107
Io e Alex guardiamo le riprese della telecamera installata nella war room: l’assassina con il trucco mimetico in faccia si lascia cadere a terra, chiude gli occhi, sembra finalmente in pace.
Tiene la pistola puntata sotto il mento, il telefono sul ventre.
«Sa di essere in trappola», dico.
«Il perimetro è stato messo in sicurezza», annuncia Alex. «Il seminterrato e il primo piano sono liberi. Manca solo lei. La squadra d’intervento è già in corridoio, pronta a sfondare la porta. Adesso è meglio andarcene, signore.»
«Non possiamo, Alex, prima devo...»
«Potrebbe avere una cintura esplosiva, signore.»
«Ma se indossa una tuta aderente!»
«Potrebbe averla nascosta sotto la tuta. O il telefono potrebbe essere un detonatore. Vede? Lo sta tenendo basso, contro il ventre. Perché farebbe così, altrimenti?»
Guardo lo schermo. Prima di accostare il telefono alla pancia, ha staccato le cuffie.
Mi torna in mente Rachel incinta, che cantava a Lilly quando le scalciava nel pancione.
«Adesso dobbiamo andare, signor presidente.» Alex mi prende per un braccio. Se non obbedisco, so benissimo che non si farà problemi a trascinarmi via.
Nel frattempo Devin, Casey e Augie tentano nuove password.
«Quanto tempo abbiamo, Devin?»
«Ventidue minuti.»
«Potete portare il computer sul Marine One? Funzionerà anche da lì?»
«Sì, certo.»
«Allora andiamocene. Tutti.»
Quando Alex apre la porta, ci troviamo faccia a faccia con un commando di marine. Ci scortano lungo le scale e attraverso la casa fino in veranda, poi giù per i gradini esterni, fino all’eliporto improvvisato dove ci aspetta il Marine One. Per poco Alex non mi prende in braccio, mentre Devin culla il portatile come fosse un neonato.

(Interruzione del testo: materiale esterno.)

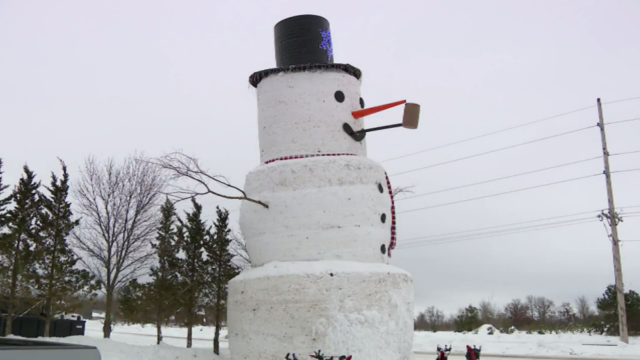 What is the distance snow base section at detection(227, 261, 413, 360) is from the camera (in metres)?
9.14

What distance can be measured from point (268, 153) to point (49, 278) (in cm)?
972

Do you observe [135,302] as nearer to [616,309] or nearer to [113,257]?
[113,257]

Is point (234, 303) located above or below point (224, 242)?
below

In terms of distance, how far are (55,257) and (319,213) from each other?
36.0 ft

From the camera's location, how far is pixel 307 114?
1085 cm

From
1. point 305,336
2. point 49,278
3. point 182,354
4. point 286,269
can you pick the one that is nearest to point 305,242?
point 286,269

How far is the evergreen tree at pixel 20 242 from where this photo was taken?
16.5 meters

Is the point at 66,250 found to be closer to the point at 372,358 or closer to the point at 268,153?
the point at 268,153

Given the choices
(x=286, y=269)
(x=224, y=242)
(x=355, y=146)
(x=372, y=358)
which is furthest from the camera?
(x=224, y=242)

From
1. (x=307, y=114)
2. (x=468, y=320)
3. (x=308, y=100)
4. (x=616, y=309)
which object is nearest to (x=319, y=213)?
(x=307, y=114)

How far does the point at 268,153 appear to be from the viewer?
36.4 ft

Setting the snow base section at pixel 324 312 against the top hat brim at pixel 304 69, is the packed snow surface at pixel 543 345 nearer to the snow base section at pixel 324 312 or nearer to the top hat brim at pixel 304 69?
the snow base section at pixel 324 312

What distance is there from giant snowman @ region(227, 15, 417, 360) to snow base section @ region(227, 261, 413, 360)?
0.02 metres

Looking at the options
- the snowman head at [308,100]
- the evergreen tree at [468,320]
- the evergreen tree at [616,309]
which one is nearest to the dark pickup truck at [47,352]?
the snowman head at [308,100] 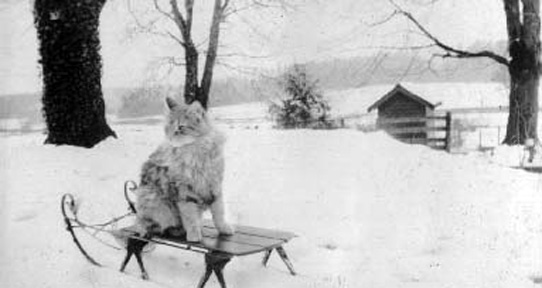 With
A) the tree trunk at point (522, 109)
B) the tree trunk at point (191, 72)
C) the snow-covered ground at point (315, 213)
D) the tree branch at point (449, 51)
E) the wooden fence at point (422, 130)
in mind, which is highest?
the tree branch at point (449, 51)

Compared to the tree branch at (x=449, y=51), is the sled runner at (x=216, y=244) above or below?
below

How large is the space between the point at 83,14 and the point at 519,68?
5.41m

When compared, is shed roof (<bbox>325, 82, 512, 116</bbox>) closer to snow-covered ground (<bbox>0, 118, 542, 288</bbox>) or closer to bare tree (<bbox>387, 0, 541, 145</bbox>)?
bare tree (<bbox>387, 0, 541, 145</bbox>)

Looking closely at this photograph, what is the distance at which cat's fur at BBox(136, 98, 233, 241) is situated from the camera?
3482mm

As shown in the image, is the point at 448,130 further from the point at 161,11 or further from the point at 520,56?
the point at 161,11

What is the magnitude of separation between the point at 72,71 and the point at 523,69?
554cm

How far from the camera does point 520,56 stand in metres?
7.62

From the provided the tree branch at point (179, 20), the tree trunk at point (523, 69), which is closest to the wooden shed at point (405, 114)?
the tree trunk at point (523, 69)

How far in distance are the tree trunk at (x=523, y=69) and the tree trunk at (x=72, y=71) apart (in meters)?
4.56

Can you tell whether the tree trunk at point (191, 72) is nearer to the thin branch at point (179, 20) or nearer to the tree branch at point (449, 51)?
the thin branch at point (179, 20)

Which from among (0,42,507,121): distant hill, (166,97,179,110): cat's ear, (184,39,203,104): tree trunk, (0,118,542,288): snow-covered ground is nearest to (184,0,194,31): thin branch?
(184,39,203,104): tree trunk

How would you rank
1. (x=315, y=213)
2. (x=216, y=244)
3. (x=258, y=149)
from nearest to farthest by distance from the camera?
(x=216, y=244), (x=315, y=213), (x=258, y=149)

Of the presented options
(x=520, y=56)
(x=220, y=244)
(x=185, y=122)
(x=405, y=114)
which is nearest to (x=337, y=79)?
(x=520, y=56)

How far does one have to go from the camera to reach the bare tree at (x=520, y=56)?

«Ho bisogno del mio telefono», dico ad Alex mentre saliamo a bordo dell’elicottero. «Decolliamo e restiamo in volo finché non risolvono la questione, ma non allontaniamoci troppo. Quando avranno finito, devono portarmi subito il cellulare.»
Appena ci ritroviamo tutti sul velivolo, mi sento un po’ più a casa.
Devin si lascia cadere sul sedile di pelle chiara e torna a battere frenetico sulla tastiera. «Venti minuti al massimo», dice mentre l’elicottero decolla e avanza inclinato oltre gli alberi, verso il lago in fiamme cosparso dei rottami della barca distrutta dal Viper.
Do un’occhiata al monitor sopra la spalla di Alex. «Prova con Figli della Jihad», dico a Devin. «O anche solo le iniziali, con tutte le varianti del caso. Oppure jihad.»
«Sì, signore.»
Nello schermo l’assassina è immobile. La pistola sotto il mento, il telefono sulla pancia.
O sul pancione.
Alex avvicina la ricetrasmittente alla bocca. «Marine, il presidente è al sicuro. Sfondate la porta.»
Gli strappo di mano la radio. «È il presidente Duncan che vi parla. Prendetela viva, se potete.»